Especially since I thought of trying it out and followed Fuchsia
instructions[0] only to run into exactly same problem building it that others
have reported >3 months back[1].

Also, instructions to download and install jiri with curl under Fuchsia docs
don't work either[2] and curl returns '404 not found' instead. Got around this
using instructions here [3] only to fail soon after as per above.

[0]
[https://fuchsia.googlesource.com/docs/+/a40928d45b43dbf72d5e...](https://fuchsia.googlesource.com/docs/+/a40928d45b43dbf72d5e67244308fd552597849c/getting_started.md)
[1]
[https://www.reddit.com/r/Fuchsia/comments/a56rg7/issues_when...](https://www.reddit.com/r/Fuchsia/comments/a56rg7/issues_when_update_the_fuchsia_code/)
[2]
[https://fuchsia.googlesource.com/docs/+/a40928d45b43dbf72d5e...](https://fuchsia.googlesource.com/docs/+/a40928d45b43dbf72d5e67244308fd552597849c/getting_source.md)
[3]
[https://fuchsia.googlesource.com/jiri/#Bootstrapping](https://fuchsia.googlesource.com/jiri/#Bootstrapping)

------
calvinmorrison
> The Unix successor, Plan 9, released the last version in 2002, and its waste
> heat has been integrated with Go.

I feel attacked. Glad they're picking up seriously on the idea of namespaces.

------
wyldfire
This is some great detail, thanks for sharing.

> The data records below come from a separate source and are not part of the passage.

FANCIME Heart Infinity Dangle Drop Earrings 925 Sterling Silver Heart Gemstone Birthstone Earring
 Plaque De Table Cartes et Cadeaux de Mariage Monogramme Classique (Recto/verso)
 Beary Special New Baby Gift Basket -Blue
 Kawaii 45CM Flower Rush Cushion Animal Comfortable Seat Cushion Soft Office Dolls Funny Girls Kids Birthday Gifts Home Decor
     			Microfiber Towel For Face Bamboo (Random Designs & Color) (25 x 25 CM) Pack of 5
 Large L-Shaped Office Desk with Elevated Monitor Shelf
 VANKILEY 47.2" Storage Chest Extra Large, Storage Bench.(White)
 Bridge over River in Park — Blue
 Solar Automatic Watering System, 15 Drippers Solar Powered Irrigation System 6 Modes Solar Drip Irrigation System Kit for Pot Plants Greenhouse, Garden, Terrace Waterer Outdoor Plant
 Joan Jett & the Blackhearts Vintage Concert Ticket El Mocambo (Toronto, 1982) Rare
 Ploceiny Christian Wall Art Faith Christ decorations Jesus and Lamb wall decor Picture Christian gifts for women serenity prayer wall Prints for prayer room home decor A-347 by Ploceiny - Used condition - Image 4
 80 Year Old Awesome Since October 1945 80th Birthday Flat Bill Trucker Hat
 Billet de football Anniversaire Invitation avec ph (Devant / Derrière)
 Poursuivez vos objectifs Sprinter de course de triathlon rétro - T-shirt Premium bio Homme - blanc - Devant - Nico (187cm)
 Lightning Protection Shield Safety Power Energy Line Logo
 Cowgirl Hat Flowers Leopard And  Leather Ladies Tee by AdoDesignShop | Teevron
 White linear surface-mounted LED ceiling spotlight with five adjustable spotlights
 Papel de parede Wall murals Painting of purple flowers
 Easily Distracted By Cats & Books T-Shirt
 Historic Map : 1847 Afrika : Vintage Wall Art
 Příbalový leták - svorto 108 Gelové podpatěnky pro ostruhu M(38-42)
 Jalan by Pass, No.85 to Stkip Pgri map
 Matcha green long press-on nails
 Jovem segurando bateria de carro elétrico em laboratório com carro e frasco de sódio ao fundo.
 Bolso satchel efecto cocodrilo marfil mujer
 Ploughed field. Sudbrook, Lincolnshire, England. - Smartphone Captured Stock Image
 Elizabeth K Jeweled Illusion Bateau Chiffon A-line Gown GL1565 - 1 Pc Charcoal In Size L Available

> A channel has 2 handles, h1, h2, write messages from one end, and read
> messages from the other.

This seems like it's bound to be a critical section for many operations. So
for one/some of the supported target architectures, what's an example of how
channel write/reads look in detail? Do I need to trap or can I write
"directly" into pages that the recipient can read? Can messages span cache
lines?

I believe that Fuchsia sounds ambitious and it's only through the dedication
of mega-tech corps like Google/etc that ambitious efforts like this can
succeed. But the world in general, even the tech world, is loathe to accept
change. Backwards-compatible layers to emulate the linux syscall layer would
probably be a critical transition feature. This allows consumers to phase in
the work required as they can stomach it, rather than suffer it all-at-once-
or-nothing.

How hard is it to port Fuchsia to a new target? Can anyone point me to a
series of commits for a target that does this?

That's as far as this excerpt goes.